Однако после публикации записных книжек Хармса ответ на этот текстологический вопрос был получен. В частности, Хармс записал, что собирается прочесть первую часть «Комедии» на вечере 12 ноября 1926 года. Этот же текст он упоминает 9 ноября как одобренный и Введенским, и Заболоцким, а 24 ноября включает его в небольшой рукописный сборник, подаренный тетке Наталье Колюбакиной. Таким образом, разрешается и третья загадка.
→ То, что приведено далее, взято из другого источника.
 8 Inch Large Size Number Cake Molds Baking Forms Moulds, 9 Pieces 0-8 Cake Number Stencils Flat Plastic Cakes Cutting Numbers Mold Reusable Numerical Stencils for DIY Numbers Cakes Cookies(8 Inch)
Дело в том, что существует стихотворение Н. Заболоцкого «Восстание» с подзаголовком «Фрагменты Даниилу Хармсу, автору „Комедии города Петербурга“». Дату этого посвящения мы знаем точно: 20 августа 1926 года — и теперь точно знаем, что имелось в виду Заболоцким. К этому числу Хармс закончил первую часть этого произведения.